Changing mindset and programmer education is sometimes harder than changing the program itself.

> Now you just need to convince a large spectrum of companies to actually stop doing C idioms while writing C++ code.

That is already ongoing. However do not forget that C++ has a bagage of 25 years of code pre-C++11 to upgrade before arriving there.

While I mostly agree, plenty of companies aren't going to change their coding, and outsourcing practices, until they hurt their button line.
C++ is too large and huge to not shoot yourself in the foot (or of your user's) in one way or another.
This argument has been debunked 20 times already.
And 20 times more in security reports from Microsoft, Google and Apple.
Despise of C and an interest in high-performance, a unique mix.
Back in the 80's C was anything but high performance.

Only with people willing to challenge the status quo do we move forward.

It was always higher performance than e.g. Pascal or Basic on any relevant platform (the cost was lack of error checking, e.g. array bounds).

And it was slower than FORTRAN on most 32-but platforms such as DEC, Sun and IBM Unix workstations, VAXen and mainframes - but it was still the speed king on the most prevalent platform of the time, 8086/80286 and friends.

Only as urban myth scattered around by the C crowd.

As user from all Borland product until they changed to Inprise, it was definitely not the case. Pascal and Basic compilers provided enough customization points.

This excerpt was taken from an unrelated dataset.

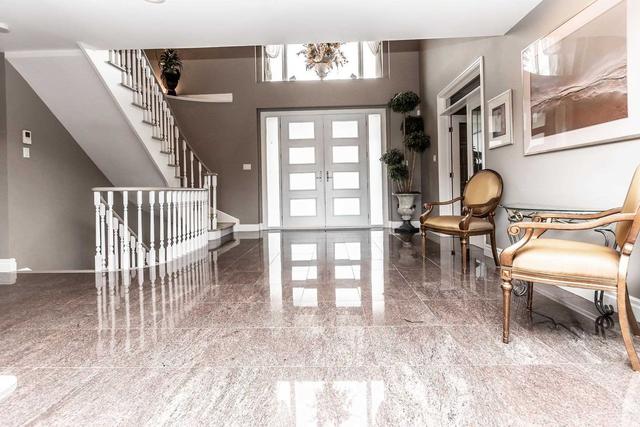 607 Mississauga Cres, House detached with 4 bedrooms, 4 bathrooms and 8 parking in Mississauga ON | Image 10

When one of them wasn't fast enough versus Assembly, none of them were.

I used to have fun showing C dudes in demoscene parties how to optimize code.

Now, if you are speaking about the dying days of MS-DOS, when everyone was jumping into 32 bit extenders with Watcom C++, then we are already in another chapter of 16 bit compiler history.

I used TP from 3.0 to 7.0 and a little bit of Delphi 1, and contemporary Turbo C; I dropped to assembly often, dropped TP bound checking often, and was well aware of all these controls.

Parsing with a *ptr++ in TC was not matched by TP until IIRC v7; 16 bit watcom often produced way better code than either TP or TC.

And, as you say, indeed when speed was really needed, you dropped to assembly; no compiler at the time would properly generate “lodsb” inside a loop, although watcom did in its late win3 target days IIRC.

This doesn't line up with the reality that almost all games were written in combinations of C and asm.
In my opinion, we should instead focus on hardware and experiment more with different kinds of cpus, memory, co-processors etc. The key to newer software systems are newer kinds of hardware, for which you can write newer experimental systems in the language of your own designs.

The sky is the limit, and there is so much to do! Transactional memory, massively multicore computers, hardware built on predicate logic, neuromorphic computers, and whatnot.

We are still mostly stuck with the cpu and memory designs of old.

Some of the most secure software is written in C.

The language matters less than you’d think once you get past a certain correctness baseline.

I have not doubts that secure software can be written is C, but it's not the norm and it's too easy to introduce vulnerabilities in C for mere mortals.
I mean, have you even _seen_ the trail of CVEs that Java has left in its wake over the past few decades?